Israel and United States to make up their relationship with Palestine

In early July, Israel’s Prime Minister, Yair Lapid and the Palestinian Authority President Mahmoud Abbas held a phone conversation, believed to be the first such contact between Israeli and Palestinian leaders for five years.

The two men discussed the continuation of cooperation and the need to ensure quiet and calm, according to Lapid’s office short statement. These two appear to have a relatively good relationship. As Lapid became Prime Minister, Abbas congratulated him while Lapid passed his best wishes to the Palestinian leader ahead of Eid al-Adha in this early month.

The Palestinian news agency, Wafa also reported the phone conversation, adding that President Abbas had expressed his wish that “peace and stability would prevail in the region as soon as possible“. Before Lapid, the late Prime Minister, right-winger Naftali Bennett chose not to speak at all with Abbas during his one-year incumbency. while long-time leader Benjamin Netanyahu oversaw a degradation of Israel’s relations with the Palestinian Authority, and it is reported he last spoke to the Palestinian leader in 2017.

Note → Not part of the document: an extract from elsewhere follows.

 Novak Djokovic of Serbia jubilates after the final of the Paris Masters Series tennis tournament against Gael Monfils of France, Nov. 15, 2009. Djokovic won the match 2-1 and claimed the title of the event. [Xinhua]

On approaching Palestine, Israel recently changed their approach, Defense Minister Benny Gantz visited Abbas at his Ramallah office last week. During the meeting, the Palestinian leader “stressed the importance of creating a political horizon [and] commitment to the signed agreements,” Wafa reported according to CNN.

In another event, A statement from Gantz’s office said the meeting had discussed “security and civilian coordination ahead of the visit of US President Biden to Israel“. The US President, Joe Biden just recently visited West Bank to meet with Abbas, making this travel plan his first visit since 2017. The White House hopes the meeting will help draw a line under the significant breakdown in US-Palestinian relations seen under the Trump administration. Biden’s voyage to Palestine planned to announce $100 million in aid to Palestinian hospitals in East Jerusalem during his visit to the Middle East, five Israeli officials tell Axios.

According to France 24, Palestinians had hoped the US president would finally make good on a promise to re-open a consulate for Palestinians in Jerusalem. Reopening the mission could serve as a “shot in the arm” for the peace process, said another Palestinian official speaking anonymously. But the US leader offered no substantive plan to redress Israel’s occupation, even side-stepping Jewish settlement expansion in the West Bank, an issue highlighted by former president Barack Obama’s administration, in which Biden served as vice president.